Sit-Down VPNs: IPSec
IPSec is the standard to buy; it encrypts at the packet level. PPTP has weak encryption keys, weak password hashing, and unauthenticated control traffic. L2TP traffic can be read by network sniffers, however, combined with IPSec for encryption, L2TP becomes unreadable, and offers IPSec authenticated access for multiple protocols. Just be sure the device you buy supports the combined IPSec and L2TP standard.

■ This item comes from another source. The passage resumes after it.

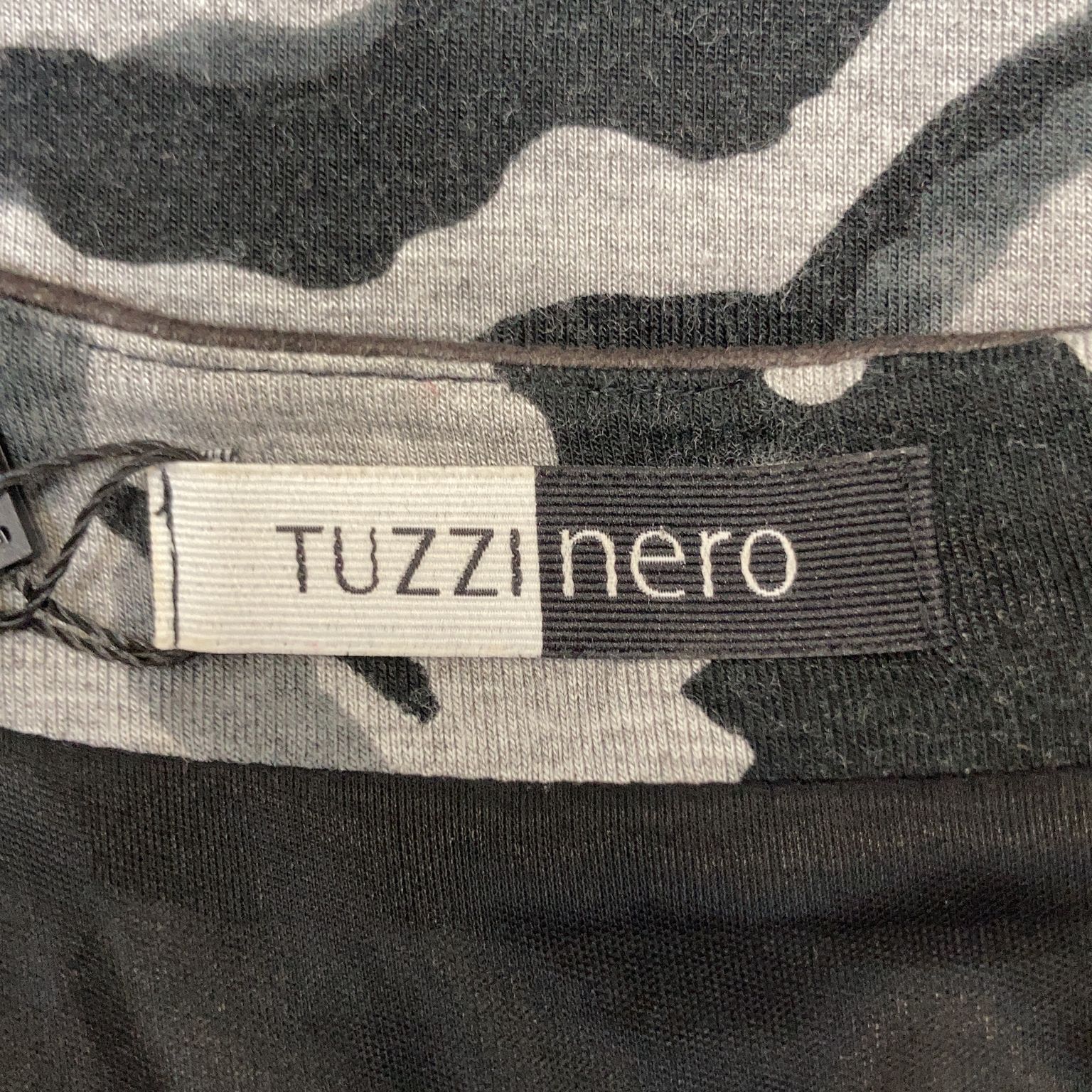 Tuzzi Nero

For more on planning and troubleshooting a hardcore VPN -- the kind with special rigging on both ends -- take a look at two additional articles: Introductory VPNs: Mapping LANs and Lines for Fewer Landmines, and VPNs: Dial 'T' for Troubleshooting. (You didn't think we were going to spoil the secret of the monster from "Forbidden Planet," did you? No -- it's only the remote access that gets easier from here on out.)

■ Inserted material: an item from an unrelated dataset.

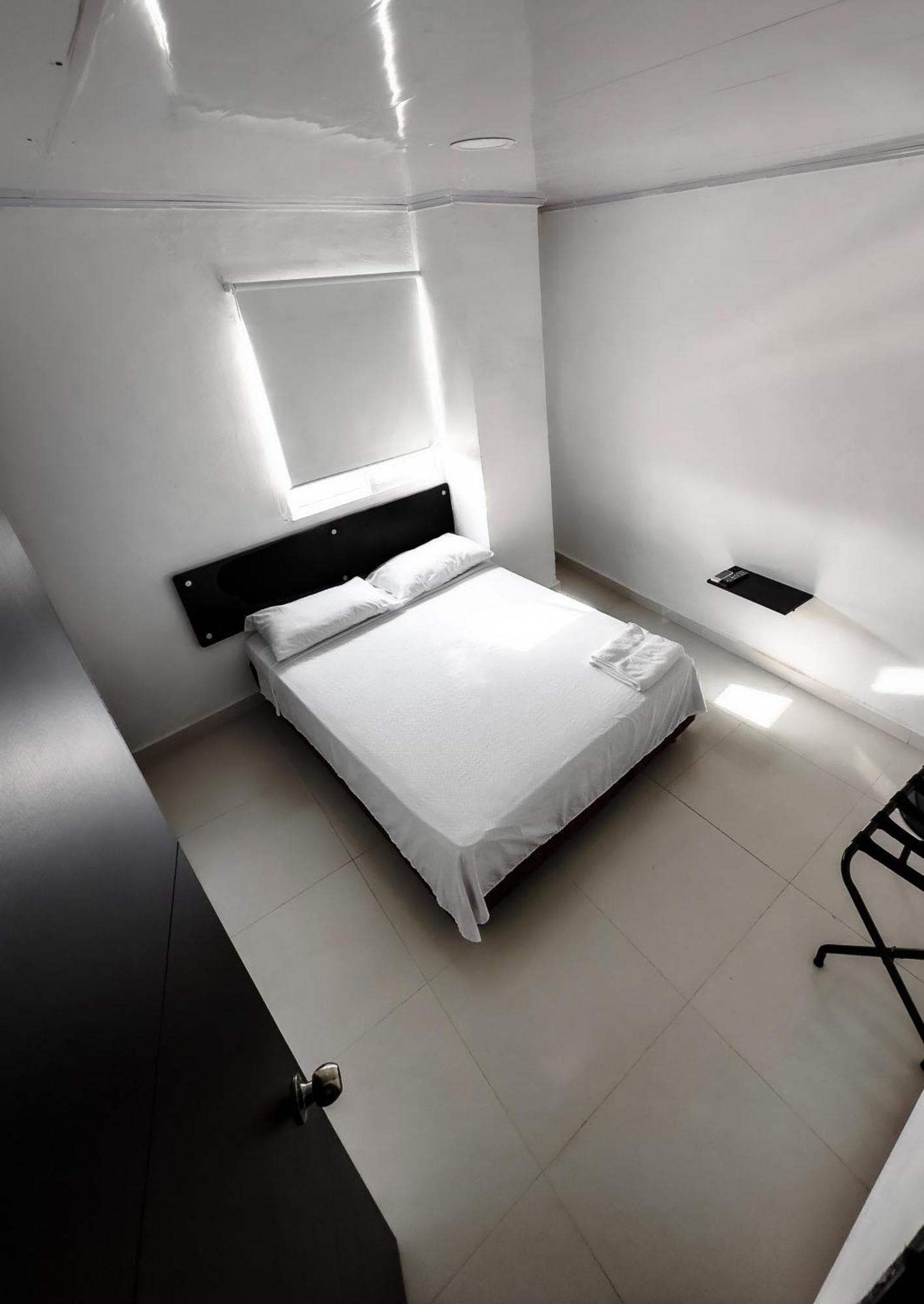 Hotel Bazurto Plaza Cartagena Exteriör bild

Maybe you have mobile employees without fixed access, who want to come in from a variety of sites. Salespeople are the typical example, as they may need to connect to your network from a hotel room or a customer site.

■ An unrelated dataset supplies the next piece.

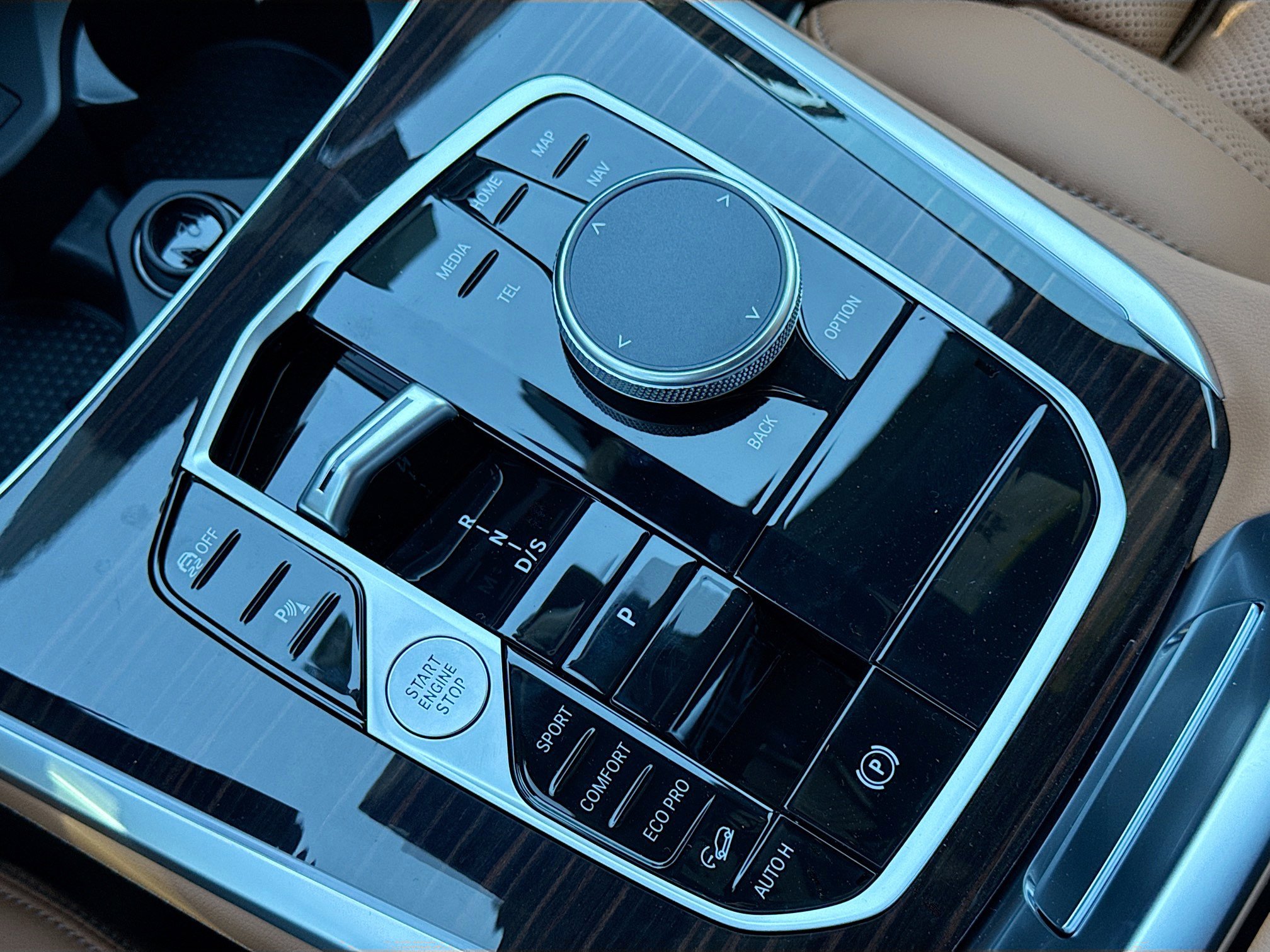 New 2026 BMW X5 xDrive40i w/ M Sport Package image 33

Things may actually be easier for them, depending on how much trust they request from your network. In recent years, Secure Sockets Layer (SSL) VPN appliances, such as those sold by Aventail and Juniper, have sprung onto the planet, and ask nothing of the visitor except an SSL-enabled browser: No software installation, no matching hardware. Remote users can come into the VPN from anyplace that has an SSL browser or kiosk.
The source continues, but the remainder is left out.